One thing I love about doing panoramic photos is the opportunity to expand beyond the standard dimensions of the camera frame. I remember the first time I experienced Disneyland's Circle Vision as a kid and being blown away seeing a film that gave you a 360 degree perspective. The idea of expanding the photographic canvas beyond the standard 2x3 or 4x5 dimensions is quite inspiring.
This week's photo was again from my trip through Utah this past summer we were on our way from Blanding to Mexican Hat, Utah when the stormy cloud-cover cleared enough at sunset to make this dramatic image possible.
Our first full day in Moab we were treated to some rather dramatic thunderheads that eventually became a significant late spring storm. Unbeknownst to us we were about to begin three days of significant rain with intermittent patches of sunshine. It might make for spectacular pictures but it does wreak havoc on a campsite. This particular image really stood out to me because of the repetition of the sandstone shapes in the clouds.
This image was what I consider a serendipity moment on the road. We were leaving the Cedar Mesa area heading down to our next major destination White Pocket (of which I have shown several images). Most of our drive was gloomy and overcast but just as we were near Mexican Hat, and dinner, the sky started to break creating the scene you see here. We didn't seek out the particular spot we just kind of fell into it.
Street photography can be a fun adventure. I don't do it very often, but when I do I find it a creative challenging. It can be very different than exploring a the natural world. This shot was taken near 9th Street on Michigan Avenue in Chicago.
A year ago this Labor Day weekend my brothers and I did a 4-day 36-mile trek through Evolution Valley, smack-dab in the middle of the John Muir Trail in the Eastern Sierras. We saw some incredible country as we cut through the mountains, including this great shot on our last night on Darwin's Table. The entire day we had the remnants of a summer storm dissipate over the mountains overhead, and as the sun began to set we were treated to quite a show.
One thing I love about doing urban street photography is experiencing all the different colors and textures when old meets new on the city streets. Todays image was taken on Michigan Avenue during a morning walk in Chicago.
I have been starting to archive a lot of my old film and digital prints onto Flickr and I stumbled across this great pic from the Lake District in England take on my first digital camera with a whopping 3 megapixel sensor. You may notice the beginnings of a rainbow in the horizon of the picture. A beautiful place to visit if you ever get the chance.
One of my favorite times to photography is what's called the "blue hour" or the hour just before the sun rises or after the sun sets. This photo was taken on the 'Marvelous Mile' portion of Michigan Ave. I definitely enjoyed the architecture in Chicago, and I would definitely come back to truly explore this city.
If I had a preference of when best to shoot photos I would say early morning, just before the sun rises.
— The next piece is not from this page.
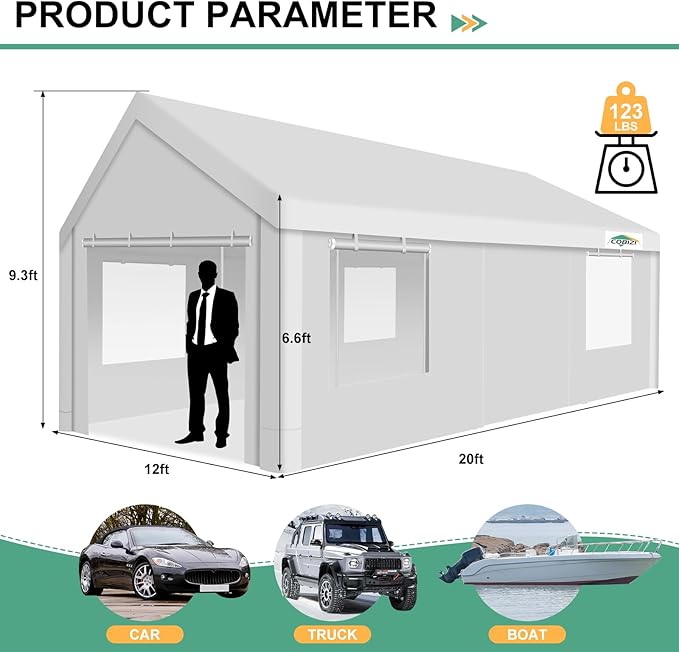 COBIZI Carport 12x20Ft Heavy Duty Portable Garage, 2.0 Powder Coated Frame(Better Than Galvanized), Waterproof Shelter with Removable Sidewalls & Windows, Built-in Sandbags, for Car/Boat/SUV, White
I feel like the cooler blue tones of the morning tend to create a better range of colors than the sunset time of day, which tends to be warmer and redder. I think this morning shot is a perfect example, especially with the orange and red rock to compliment the cool blue tones in the shadows.
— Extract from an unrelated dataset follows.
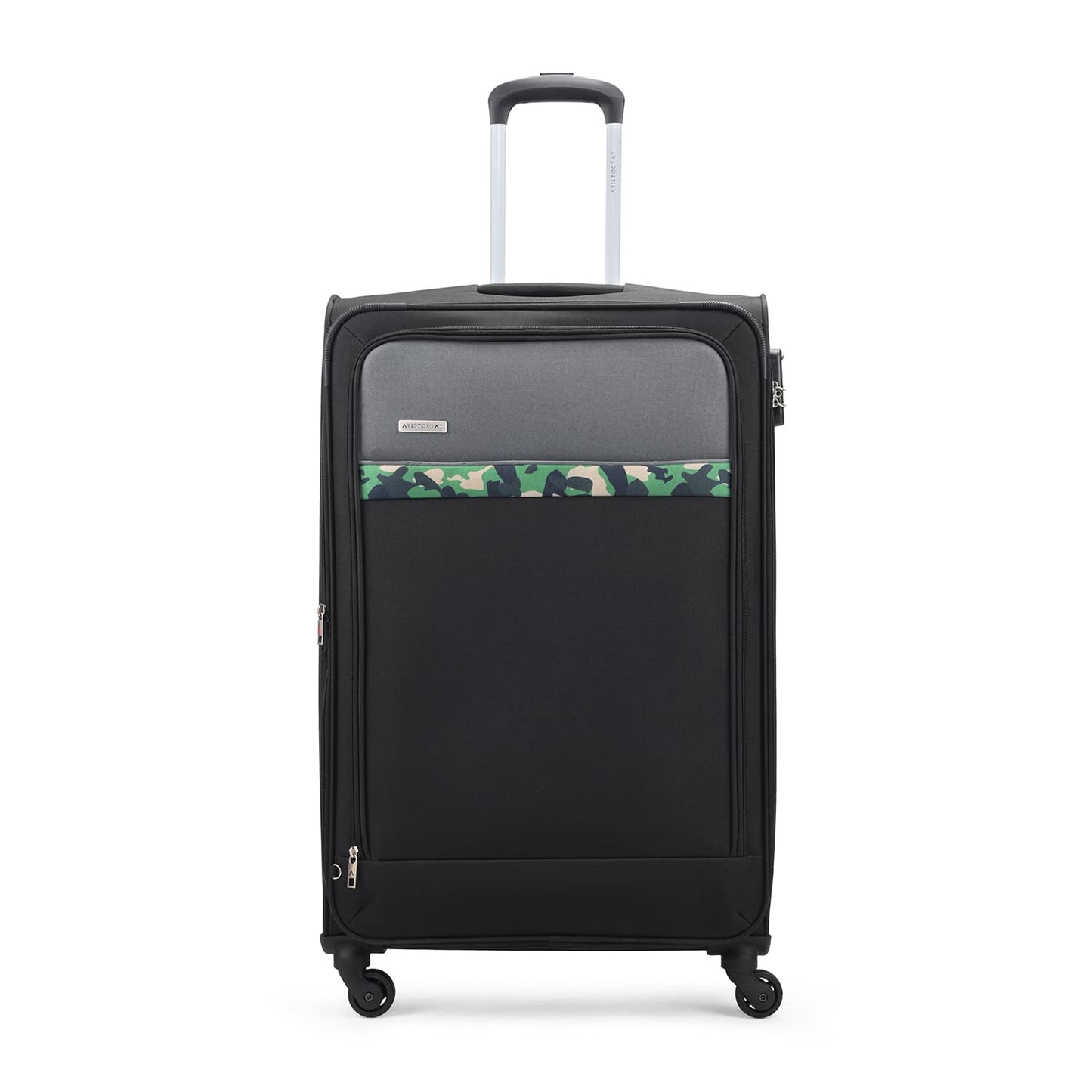 Aristocrat Commander 79Cms Premium Polyester with PVC Coating Soft Sided Check-in 4 Wheels Large Black Spinner Suitcase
This is another shot I took from White Pocket near the Utah-Arizona border. As you can see the surreal rock formations are quite a sight to behold.
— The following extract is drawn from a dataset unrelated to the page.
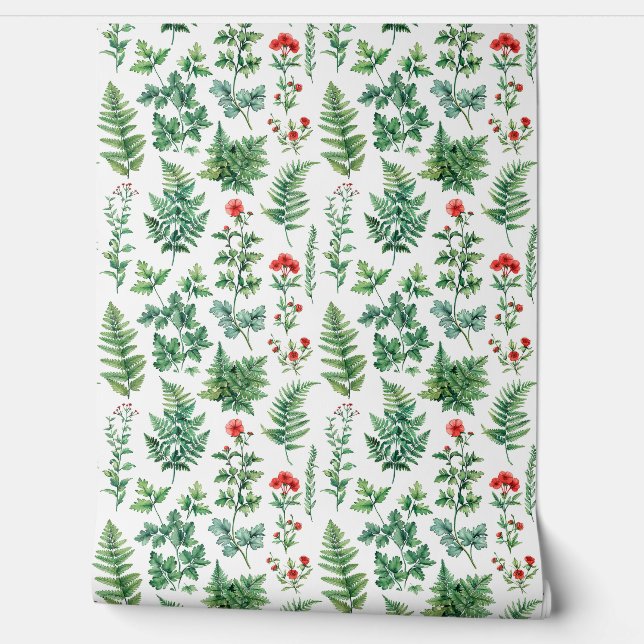 Beautiful graceful green twigs of different types  wallpaper  (Unrolling)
This Fourth of July I missed the usual fireworks show while we were up in Oakhurst, but I made sure not to miss the natural fireworks show which was at it's best around midnight. Finding the milky way took some work to find thanks to the light from the moon and the nearby cities, but as you can see the camera picked it up fine.
As our little group was planning out our trip through Utah and Arizona one of the places we all agreed that we needed to visit was White Pocket in the Vermillion Cliffs National Monument. It may not get the press of it's nearby neighbor 'The Wave' in the Coyote Buttes but I think it easily surpasses it in it's visual wonder. The variety of colors, texture and layers is nothing short of spectacular.
As my father-in-law put it looks like this whole region was mixed up in a cake mixer.
One of the great highlights of the trip was visiting the Cedar Mesa region in southeastern Utah. A pretty remote region peppered with ancient indian cliff dwellings that were built over a thousand years ago. It was pretty surreal to wander down into various canyons and washes and to stumble across an ancient dwelling peppered with pottery fragments and arrowheads (I never saw any arrowheads for the record). This is an area I would definitely like to spend more time exploring.